Dig Dug Island was a massively-multiplayer online game based on the arcade game Dig Dug II. Up to four players were tasked with clearing an island of enemies; these being Pookas, red tomato-like enemies with goggles, and Fygars, red-winged green dragons that could breathe fire. Enemies could be defeated by either using a pump to fill them up with air until they pop, or by drilling alongside fault lines in an island to sink the sections they are standing on. Players could create their own avatars or even select ones based on characters from other Namco video games, including Mappy, The Tower of Druaga, Valkyrie no Densetsu and Wonder Momo.

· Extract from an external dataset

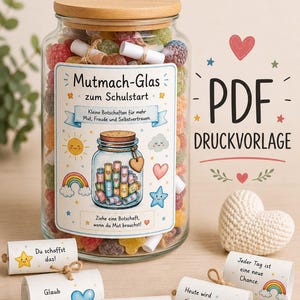 Può includere: Un barattolo di vetro trasparente con coperchio in legno riempito di caramelle gommose colorate e piccoli rotoli di carta. L'etichetta riporta il testo Mutmach-Glas zum Schulstart, illustrazioni di sole, arcobaleno e cuore, e PDF DRUCKVORLAGE.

Upon joining for the first time, players were given an island villa that could be heavily customized with items, which could be purchased using in-game currency known as "Sun tickets". Sun tickets could be purchased with real money, the player needing a "VerX Passport ID" account in order to purchase them. Friends and other players were able to visit the player's island and chat with others. An online tutorial was made available through the game's official website. VerX would also host promotions in-game during holidays, where players could get exclusive items by logging in during a set time period.

==Development==
Dig Dug Island was first conceived in 2004 by Kazutoshi Mori, who worked for Japanese online game developer VerX, a subsidiary of Vector Corporation. Mori, who previously helped develop Tales of Eternia Online, was interested in creating online-focused remakes of older Namco franchises, and to compile them into a Namco Museum-like game service. An online version of Dig Dug was to be the first of these, beginning development in 2005. Mori and the development team created five possible gameplay concepts, one of which being an eight-person multiplayer version of Dig Dug II - this idea was the most well-received of the bunch, leading the team to incorporate it into the game. Haruki Negi was assigned as the project's designer, who wanted the game to appeal to a more casual audience, namely children and newcomers to the Dig Dug franchise, being made to be easily accessible and simplistic in nature. A 3D graphics style was briefly considered, which was replaced with 2D game sprites on a 3D background.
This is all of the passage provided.